**What you need to do**
Copying starts at the line containing "下肢 臀部の痛み うめの手鍼灸院 ー 子供からお年寄りまで安心 秦野市の鍼 はり 専門院" and stops after the last line of the records; each line is repeated exactly, and pictures are skipped.

**Dataset extract**
__________________________________________________

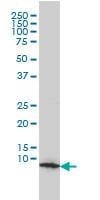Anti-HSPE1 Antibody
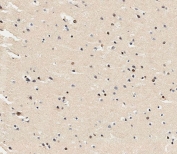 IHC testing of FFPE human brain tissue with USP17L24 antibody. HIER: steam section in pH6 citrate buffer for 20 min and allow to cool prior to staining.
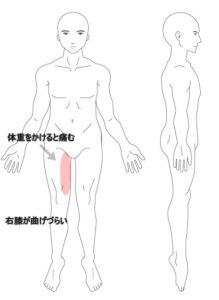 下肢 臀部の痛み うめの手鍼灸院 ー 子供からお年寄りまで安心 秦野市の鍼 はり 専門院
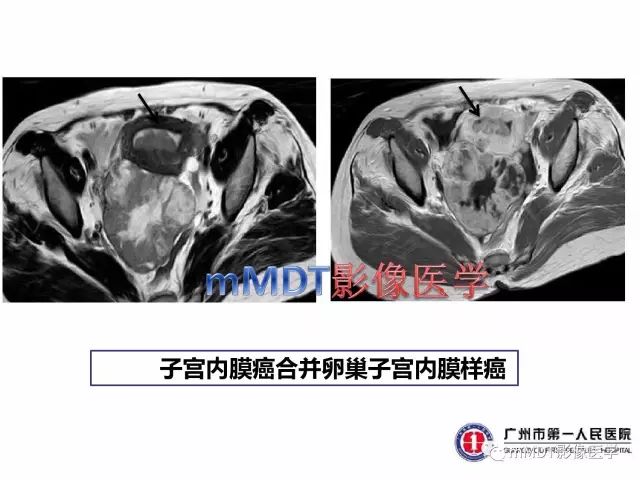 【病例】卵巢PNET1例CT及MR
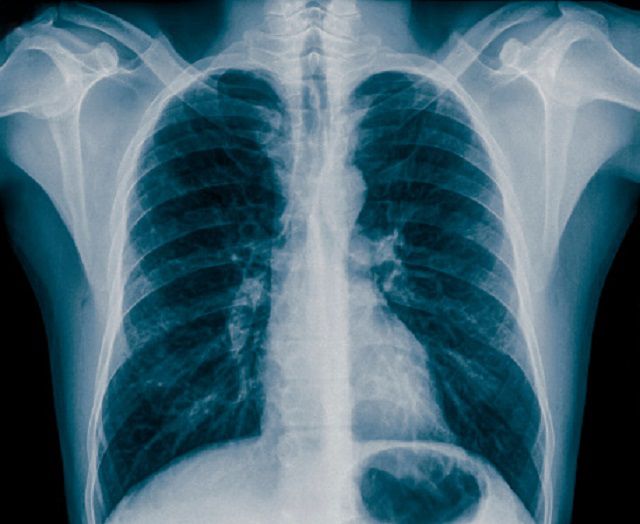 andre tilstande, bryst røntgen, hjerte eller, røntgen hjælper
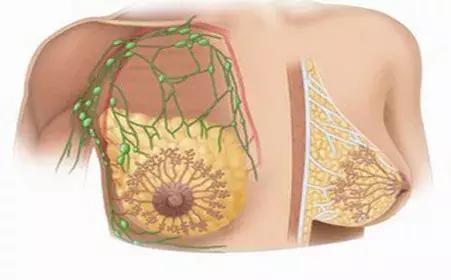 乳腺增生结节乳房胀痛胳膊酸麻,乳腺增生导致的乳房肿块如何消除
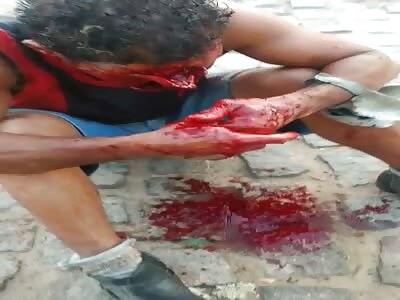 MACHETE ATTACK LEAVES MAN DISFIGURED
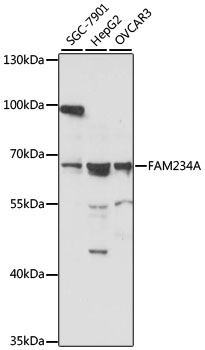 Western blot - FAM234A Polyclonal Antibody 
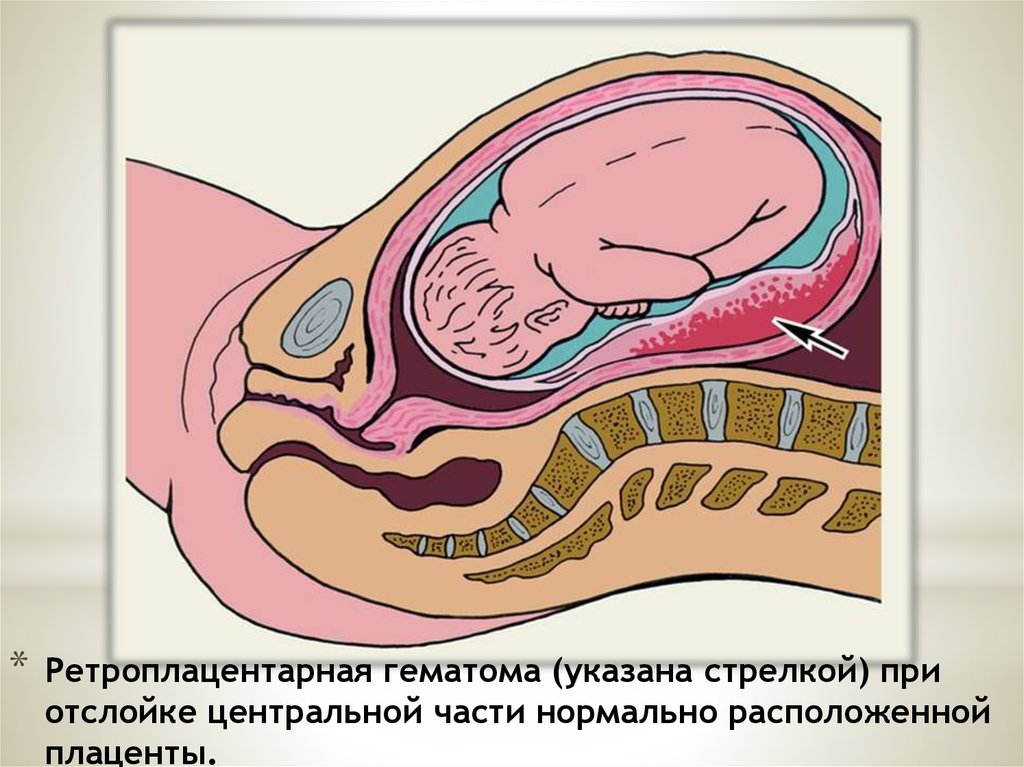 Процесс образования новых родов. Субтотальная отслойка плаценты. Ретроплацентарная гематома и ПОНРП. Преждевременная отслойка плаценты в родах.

__________________________________________________

**Task response**
 下肢 臀部の痛み うめの手鍼灸院 ー 子供からお年寄りまで安心 秦野市の鍼 はり 専門院
 【病例】卵巢PNET1例CT及MR
 andre tilstande, bryst røntgen, hjerte eller, røntgen hjælper
 乳腺增生结节乳房胀痛胳膊酸麻,乳腺增生导致的乳房肿块如何消除
 MACHETE ATTACK LEAVES MAN DISFIGURED
 Western blot - FAM234A Polyclonal Antibody 
 Процесс образования новых родов. Субтотальная отслойка плаценты. Ретроплацентарная гематома и ПОНРП. Преждевременная отслойка плаценты в родах.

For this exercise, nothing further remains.